Des vies fissurées
« Je vais te raconter une histoire, mon garçon.
Une histoire d’amour et de violence.
Une histoire que tu liras quand tu seras plus grand, bien plus grand. Car je n’en adoucirai pas les contours. Je n’occulterai ni la tragédie, ni les fêlures, ni la noirceur : comment te construire, si tu ignores ce qui se cache dans nos interstices ?
Chaque famille a ses silences.
Chez nous, les silences ne sont que des vacarmes suspendus.
Alors je vais tout te dire. »
Il y a Rose, qui retrouve sa maison d’une petite ville des Ardennes après une longue convalescence. Devenue amnésique à la suite d’un accident de voiture, elle tente de reprendre ce qui semble être sa vie, monacale et diablement solitaire. Mais le sentiment d’étrangeté qui l’habite et persiste au fil des jours semble impossible à chasser… Il y a Aïda, qui a laissé sa vie d’avant en Seine Saint-Denis, loin, bien loin de Toulon, où elle est recrutée à la Maison des femmes, qui accueille les victimes de violences conjugales. Il y a leurs nouvelles rencontres, homme rassurant pour l’une, homme trouble pour l’autre. Les destins de ces deux femmes sont forcément liés. Quand se croiseront-ils?
Julien Sandrel, l’art du page turner
À Citazine, on lit aussi — par curiosité, souvent — ce que les maisons d’édition nous envoient. Une manière de sortir de notre silo littéraire et de nous confronter à ce qu’en tant que lecteur, on n’aurait pas acheté.

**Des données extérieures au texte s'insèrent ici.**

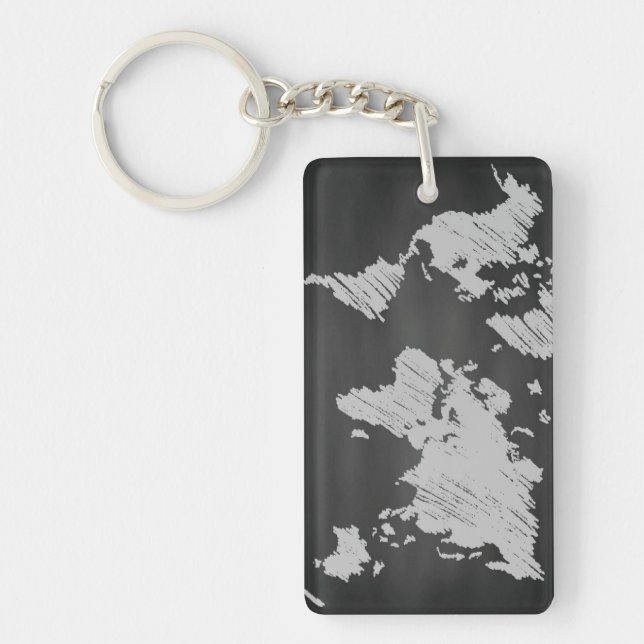 Porte-clefs Carte de tableau du monde (Devant)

Julien Sandrel s’est imposé dans le monde littéraire en 2018 avec La Chambre des merveilles, un succès mondial dont l’adaptation cinématographique est en cours. Avec Le jour où Rose a disparu, son dernier roman, il livre un thriller sentimental à l’eau de rose façon Marc Lévy. Les ficelles sont visibles, parfois épaisses, mais l’intrigue est dense, globalement bien tenue, et le suspense fonctionne. L’exercice tient du roman de gare — mais un roman de gare efficace, solidement construit, qui remplit son contrat : tenir le lecteur captif. Ce n’est pas une littérature « légère » au sens péjoratif ; c’est une fiction émotionnelle calibrée, tendue vers l’effet. Il y a là un réel savoir-faire de page turner.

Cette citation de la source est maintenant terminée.